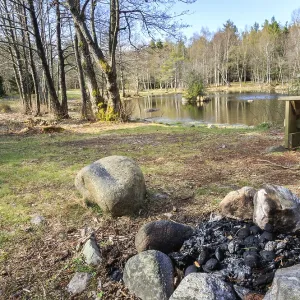 Small lake with campfire and bench in Jomfruland National Park Small lake with campfire and bench in Jomfruland National Park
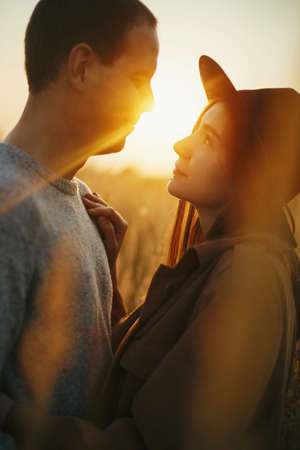 Stylish sensual couple embracing in warm sunset light in autumn field. Young fashionable woman and man gently hugging on background of sunshine. Romantic authentic momentの写真素材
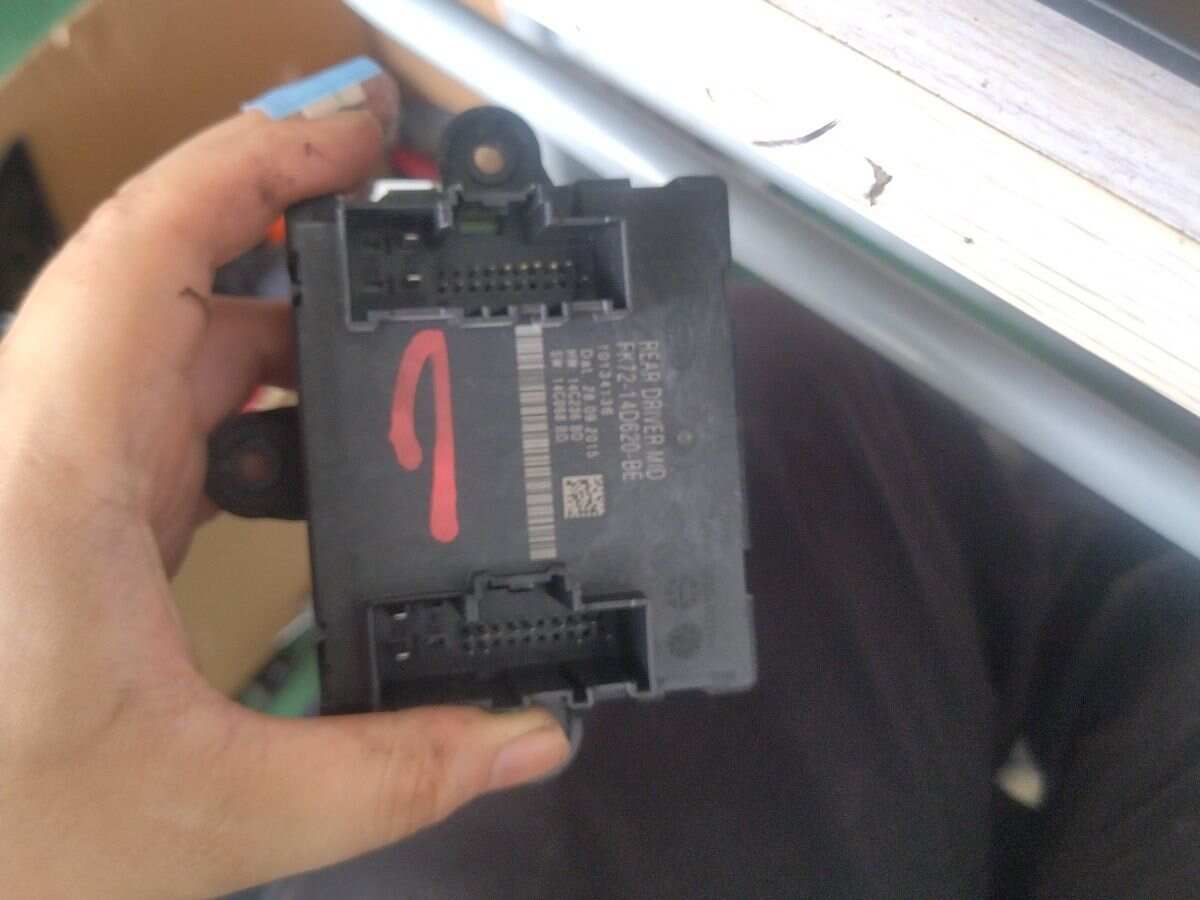 T4N6267 Rear Door Control Unit, Left
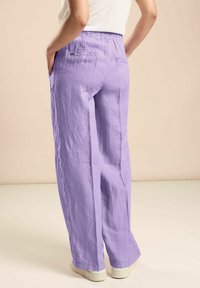 Světle levandulové, volné kalhoty s elastickým páskem a dvěma zadními kapsami, vyrobené z texturovaného lněného materiálu.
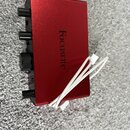 Červený kovový audio interface s nápisem Focusrite na horní straně. Na přední hraně jsou vidět dva černé oválné knofíky a jeden větší kulatý regulačn…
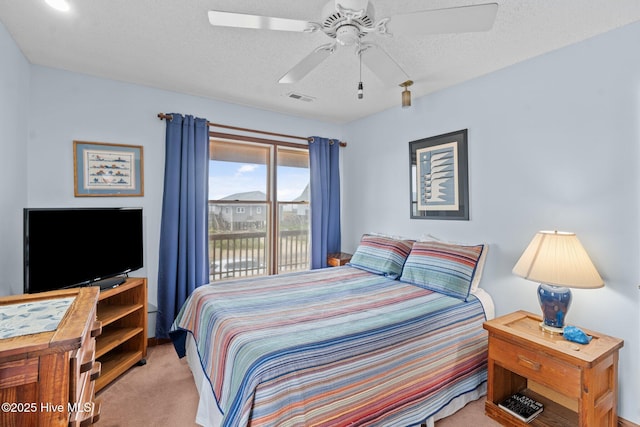 210 W Beach Dr, Oak Island, NC 28465 - bedroom featuring carpet, access to exterior, a ceiling fan, and a textured ceiling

--------------------------------------------------

* **Try it**
Quote the entries in full. Any image among them is to be omitted from the copy.

* **Solution**
 Small lake with campfire and bench in Jomfruland National Park Small lake with campfire and bench in Jomfruland National Park
 Stylish sensual couple embracing in warm sunset light in autumn field. Young fashionable woman and man gently hugging on background of sunshine. Romantic authentic momentの写真素材
 T4N6267 Rear Door Control Unit, Left
 Světle levandulové, volné kalhoty s elastickým páskem a dvěma zadními kapsami, vyrobené z texturovaného lněného materiálu.
 Červený kovový audio interface s nápisem Focusrite na horní straně. Na přední hraně jsou vidět dva černé oválné knofíky a jeden větší kulatý regulačn…
 210 W Beach Dr, Oak Island, NC 28465 - bedroom featuring carpet, access to exterior, a ceiling fan, and a textured ceiling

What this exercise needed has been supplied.